Artus Influenza/H1 RG/LC for H1N1 and TIB MOLBIOL, LightMix kit, Berlin, Germany for H5N1). Demographics, medical history, vaccination history, knowledge of H1N1 influenza, and compliance with infection control practices among arriving pilgrims were analyzed as frequency distributions. Differences in the prevalence of respiratory viruses between the arriving and departing pilgrims were examined using chi-square test or Fisher exact, as appropriate. Differences in the prevalence of respiratory viruses between potential confounding groups such as age groups and getting pandemic influenza A(H1N1) vaccine were examined using chi-square test or Fisher exact, as appropriate. All p values were two-tailed. p Value <0.05 was considered as significant. SPSS (release 17.

pulmonis (Teachman et al., 2002). These results underscore the important consideration that past studies have inferred the essentiality of a mycoplasmal gene based on the use of elements that transpose actively in the genome and thus have overestimated the minimal gene set. The use of minitransposons that are stable once inserted into the genome provide a more accurate appraisal of gene essentiality.

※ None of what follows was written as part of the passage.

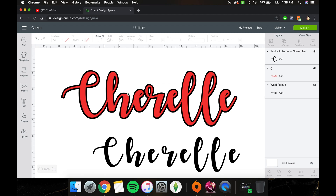I'm going to show you how to do the offset and the offset shadow in Cricut Design Space. I'm using my laptop — a MacBook Pro — if that matters. It looks a little different than a regular desktop HP or whatever.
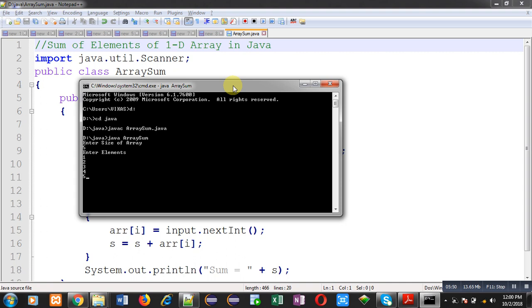After complete input, automatically sum of all the elements will be displayed. You can see code is showing sum equals to 15, which is sum of 1 plus 2 plus 3 plus 4 plus 5.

This work was supported by NIH grant AI63909. Table S1. Genes inactivated by Tn4001TF1 but

not by Tn4001T. Please note: Wiley-Blackwell is not responsible for the content or functionality of any supporting materials supplied by the authors. Any queries (other than missing material) should be directed to the corresponding author for the article. “
“The metabolic syndrome Bafetinib molecular weight (MS) is a common and complex disorder combining obesity, dyslipidaemia, hypertension and insulin resistance. It is a primary risk factor for diabetes and cardiovascular disease, and in the HIV-positive population it is increasingly considered as an emerging risk factor. The recently published guidelines from the European AIDS Clinical Society recommend measurement of waist circumference (WC) in clinical practice learn more at initial and subsequent visits in HIV-infected patients [1]. WC is considered an essential component of the definition of MS, because central obesity is more strongly correlated with other features of MS and with

insulin resistance than any other parameter [2]. Thus, a measure of abdominal obesity appears to be required to define MS, and studies

on MS should include WC measurement. However, as WC was not measured in several epidemiological Aurora Kinase studies carried out in the HIV-infected population, the use of body mass index (BMI) as a surrogate measure for WC has been advocated in the general population as well as in HIV-infected subjects, based on the assumption that BMI and WC have a strong direct relationship. In the D:A:D study [3], a cut-off of >30 kg/m2 for BMI was considered to be equivalent to a WC of 102 cm in men and 88 cm in women, which represent the cut-offs for defining MS. However, HIV-infected subjects with normal or minimally increased BMI values may well have increased visceral adiposity. In two multicentre Italian studies on MS in HIV-infected patients, the SIMONE [4] and the HERMES studies [5], we collected WC, weight and height measurements in people infected with HIV. Using these two databases, we evaluated the relationship between BMI and WC, and the BMI values corresponding to a WC of 102 cm in men and 88 cm in women. We aimed to obtain a specific equation which would be more appropriate for predicting WC from BMI for HIV-infected patients. The two databases included 1522 patients (mean age 42±9 years; 72% men; 69% on antiretroviral treatment). We performed a regression analysis of WC on BMI, separately in the two genders (Fig. 1).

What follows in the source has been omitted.